Richard Forbes Barrett Sr., 78, Retired Police Chief, FBI Agent

Richard Forbes Barrett Sr., a one-time Hoquiam police captain whose career took him to California as a police chief then to the FBI and finally into private investigations, died Sunday. He was 78.

Mr. Barrett, a longtime Bainbridge Island resident, died in Olympia.

Friends and associates recall Mr. Barrett's keen eye for detail and his habit of leaving literally no stone unturned.

"He was a very good agent, very thorough," remembers Edward Brekke, a former Federal Bureau of Investigation agent who worked with Mr. Barrett before retiring to Milwaukie, Ore.

FBI colleague Harry Wilson, now retired, was trained in firearms by Mr. Barrett at the Fort Lewis range before joining him in the Seattle office in 1960.

"He was a very highly regarded agent, well known for his meticulous work," Wilson says. "I worked with him on his last case and he was just as enthusiastic and as thorough to the last detail. But he also knew how to have a good time.

"Every summer he had a salmon bake at his Bainbridge Island house for former FBI agents, and then you'd see more of his fun side," Wilson recalled. Mr. Barrett was keenly interested in electronics and became expert enough at polygraph procedures to do consulting in the field.

Mr. Barrett's son, Richard, recalls his father's successful work in a number of cases from kidnapping to bank robbery.

He also remembers an unusual case his father solved in Hoquiam: "One citizen had a fur rug which mysteriously kept increasing in size, about the same time a number of cats disappeared. It turns out the fellow was a cat hater who used to greet all felines with his .22."

Born in Aberdeen, Mr. Barrett began a 28-year law-enforcement career in Hoquiam, where he served as police captain. He later moved to Santa Maria, Calif., where he was chief of police.

After graduation from the FBI academy at Quantico, Va., Mr. Barrett began FBI service in Los Angeles at the beginning of World War II.

He held field assignments in Jackson, Miss., Denver, Portland, Chicago and Seattle. He retired from the Seattle FBI field office in 1963.

With other retired agents, Mr.

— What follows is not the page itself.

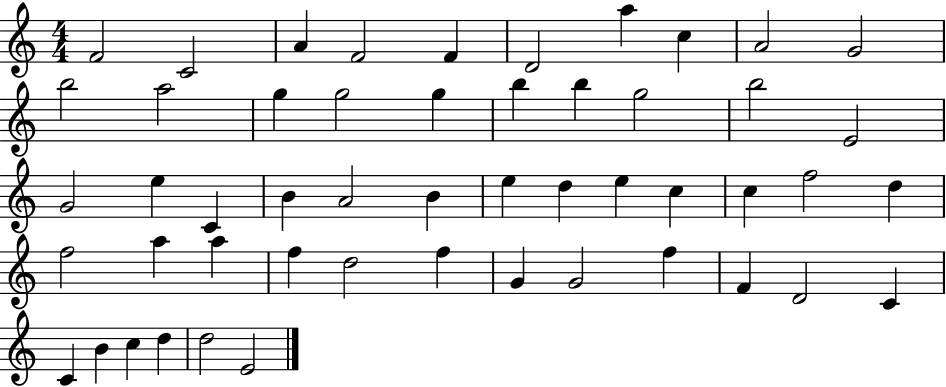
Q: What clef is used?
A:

Barrett then began a Seattle private-investigation business.

In one of his more public cases, a 1969 Pacific Trail arson, Mr. Barrett's investigations led to the arrest and subsequent conviction of the arsonist.

After the death of his wife of 46 years, Elma Paavila, Mr. Barrett moved from Bainbridge Island, where he had lived since 1957, to Olympia.

He is survived by a son, Richard, of Seattle; a daughter, Barbara, of Albuquerque, New Mexico; and two brothers, Jack Baker of Coeur d'Alene and Ned Baker of Salem, Ore.

Remembrances may be made through contributions to the Fred Hutchinson Cancer Research Institute.